6/10
Interesting more for its background than its players or plot
14 May 2013
Warning: Spoilers
According to M-G-M publicity, "Spencer Tracy has prevailed upon W.S. Van Dyke to cancel his Eastern vacation and begin immediate filming of They Gave Him a Gun." On the face of it. this would have to be one of the most laughably false publicity pieces that Metro's flacks ever concocted. Tracy regarded "One-Shot Woody" as the worst director on the lot and I can just see him kicking, screaming and sulking in what turned out to be a futile effort to get out of the assignment. But maybe Tracy got wind of the fact that the script was based on a book by William Joyce Cowen.
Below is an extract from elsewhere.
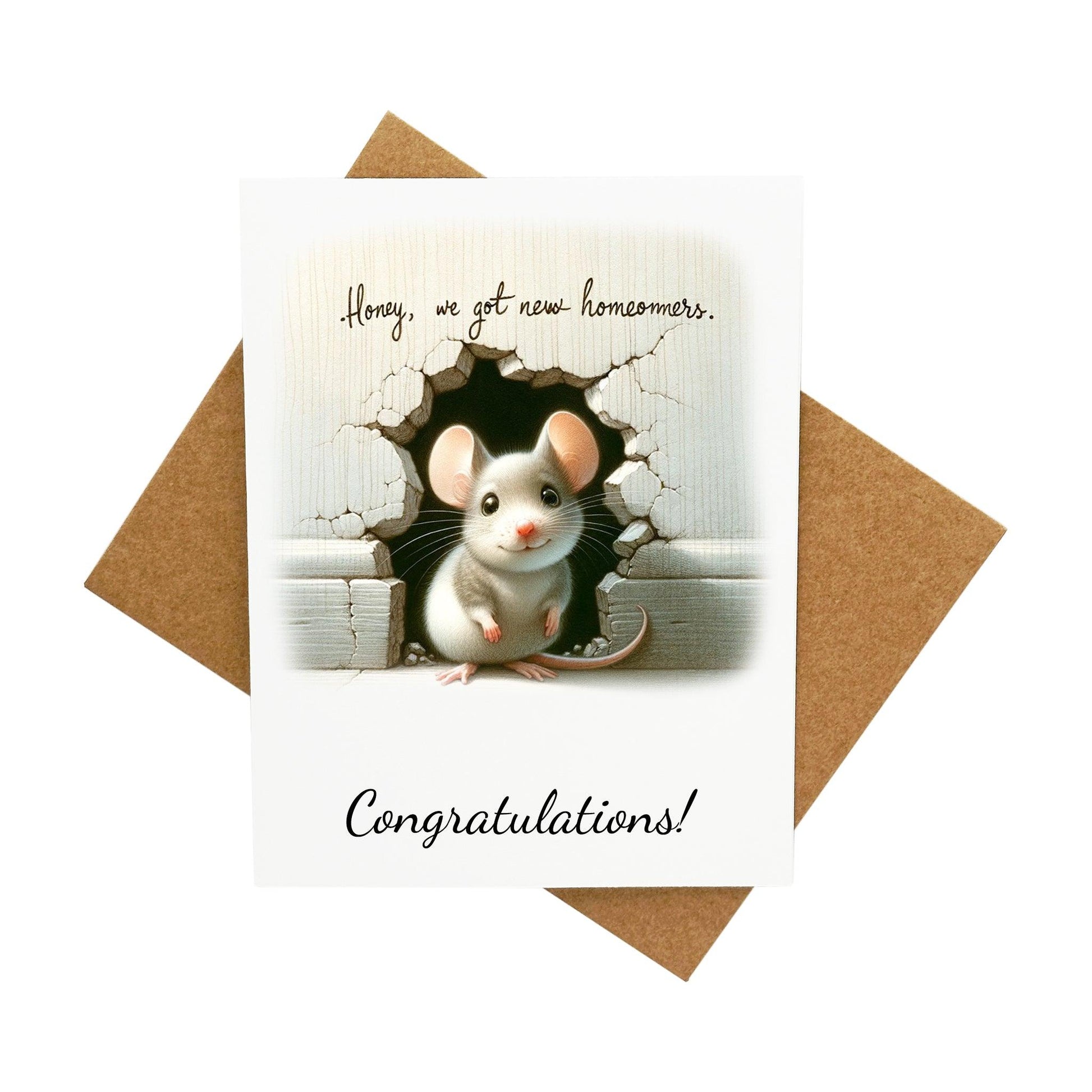 Housewarming Mouse: A Handcrafted Greeting Card - Vintage Villages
Five years earlier, Mr. Cowen was actually at work at M-G-M directing a movie called Kongo which easily grasps the title of the most sadistic film a mainstream U.S.A. studio ever made. And it's amazing to think that the mainstream studio involved in production and release of Kongo was indeed M-G-M, the home of glamour, escapism and rigid GOP conformity. How this one actually got into the production line-up, let alone was actually made and released, beggars the imagination. It wasn't as if Louis B. Mayer owed someone a favor and gave him the run of the lot (as happened with The Picture of Dorian Gray). So maybe Tracy knew something we don't know and did actually ask for Van Dyke in order to get in and out of They Gave Him a Gun super-fast. But even Van Dyke couldn't band-aid the soggy script. Admittedly, he was not helped by Tracy, Franchot Tone and Gladys George who say their lines without making the slightest attempts at engaging audience sympathy. Still, Woody did do something interesting. Assisted by ace photographer Harold Rosson, he shot an entire scene through a wire grill with interesting variations of focus. And there are also two or three great Slavko Vorkapich montages.